Some good news is that Jen and I are actually doing really well.  Despite her having malaria and me being a horrible nurse we can't complain as a couple.  It’s funny how the Lord uses times like these to knit you and your spouse together in His unity.  We have allowed ourselves to vent, to cry and to go a little crazy!  We both realize that our family’s sanity and well-being is of the utmost importance and our relationship is the hub of that cycle.  But even as we are doing well we still shed tears over missing family and friends.  What we would give to be at our best friend’s house, eating their fine homemade Mexican food, flipping the channels of the day’s latest games, discussing our next camping trip while dodging soccer balls and baby dolls as the kids run wild together.  Nothing more in America, have I missed than this! True friendship is a gift from the Lord and to not have our friends to hug and laugh with is wrenching our soul.  The cliché saying that absence makes the heart grow fonder is crap!  We have always loved them, they are our people and we want our friends to be near!  So for Jen and I, please pray for community, we need some partners in crime!  We so desperately want and need to connect with others walking this journey in Haiti and faith together.  We need it, our family needs it and we are pleading the Lord for it. 

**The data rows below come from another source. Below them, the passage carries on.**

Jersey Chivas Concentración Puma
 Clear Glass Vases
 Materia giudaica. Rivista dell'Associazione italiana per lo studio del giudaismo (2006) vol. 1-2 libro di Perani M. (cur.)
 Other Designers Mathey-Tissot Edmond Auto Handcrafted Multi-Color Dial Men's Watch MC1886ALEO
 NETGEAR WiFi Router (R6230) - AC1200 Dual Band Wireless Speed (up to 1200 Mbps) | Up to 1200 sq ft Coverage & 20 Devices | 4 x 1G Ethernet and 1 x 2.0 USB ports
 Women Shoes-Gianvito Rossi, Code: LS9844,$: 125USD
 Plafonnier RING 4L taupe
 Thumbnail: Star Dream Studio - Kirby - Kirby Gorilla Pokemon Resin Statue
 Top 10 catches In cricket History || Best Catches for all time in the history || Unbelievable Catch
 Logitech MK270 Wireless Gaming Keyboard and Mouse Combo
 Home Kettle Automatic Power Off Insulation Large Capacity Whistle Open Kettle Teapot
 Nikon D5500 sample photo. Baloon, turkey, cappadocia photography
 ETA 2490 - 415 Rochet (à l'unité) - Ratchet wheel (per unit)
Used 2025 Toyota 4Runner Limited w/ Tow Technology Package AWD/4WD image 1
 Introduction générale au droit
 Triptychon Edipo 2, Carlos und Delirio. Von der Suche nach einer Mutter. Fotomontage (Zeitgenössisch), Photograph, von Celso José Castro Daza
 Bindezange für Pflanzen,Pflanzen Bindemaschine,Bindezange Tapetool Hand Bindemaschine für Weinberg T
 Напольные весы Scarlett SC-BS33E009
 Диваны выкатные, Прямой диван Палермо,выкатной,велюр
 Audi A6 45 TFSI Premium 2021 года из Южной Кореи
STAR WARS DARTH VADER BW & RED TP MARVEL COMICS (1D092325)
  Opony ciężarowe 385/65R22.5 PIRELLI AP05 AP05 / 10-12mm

Overall, we are ok and that’s a tough place for me to be.  As I discussed my insanity with my fellow missionary friend he said that surviving is ok right now and we need to be ok with ok.  Because of our personalities Jen & I feel like we should be storming the gates of hell with a squirt gun and currently we don’t seem to know our ass from our elbow.  We feel something is wrong or we are failing for us to just be learning how to live here, learning how to raise our family here, home schooling an 8 year old boy here, learning language, learning cultural norms all the while trying to reset our thermostat to a constant 97 degrees and 85% humidity.  I think everyone has the tendency to set some unrealistic expectation in his or her lives, but at this moment it seems to have a greater infliction of pain than ever before.  So we ask that you pray that Jen and I’s expectations and reality become more in line.  We don’t want to settle for ok, but we must be realistic and have a better understanding of where we are and how to press onward through this valley. 

So yes, this sucks!  It’s hard!  We miss home, our family and our friends!  It's fall and I want to go camping, watch football and wear a sweatshirt!  But our path looks different now and we are learning to navigate our beaten, rocky and messy path.  As exciting as a new journey is, it comes with fears of failure and the unknown, but we are praying that the Lord will shine brighter than we could ever ask or imagine!